=== WORK INSTRUCTIONS ===
The answer must be an exact copy of every record below.

[Caption-style text data]
++++++++

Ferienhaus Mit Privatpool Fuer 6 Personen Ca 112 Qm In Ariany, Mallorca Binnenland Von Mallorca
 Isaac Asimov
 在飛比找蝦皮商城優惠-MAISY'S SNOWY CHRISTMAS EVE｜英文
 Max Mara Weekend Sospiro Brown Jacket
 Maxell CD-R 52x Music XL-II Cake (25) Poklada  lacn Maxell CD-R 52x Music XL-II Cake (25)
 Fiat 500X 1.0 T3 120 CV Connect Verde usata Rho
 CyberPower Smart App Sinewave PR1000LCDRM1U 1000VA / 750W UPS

++++++++

=== OUTPUT ===
Ferienhaus Mit Privatpool Fuer 6 Personen Ca 112 Qm In Ariany, Mallorca Binnenland Von Mallorca
 Isaac Asimov
 在飛比找蝦皮商城優惠-MAISY'S SNOWY CHRISTMAS EVE｜英文
 Max Mara Weekend Sospiro Brown Jacket
 Maxell CD-R 52x Music XL-II Cake (25) Poklada  lacn Maxell CD-R 52x Music XL-II Cake (25)
 Fiat 500X 1.0 T3 120 CV Connect Verde usata Rho
 CyberPower Smart App Sinewave PR1000LCDRM1U 1000VA / 750W UPS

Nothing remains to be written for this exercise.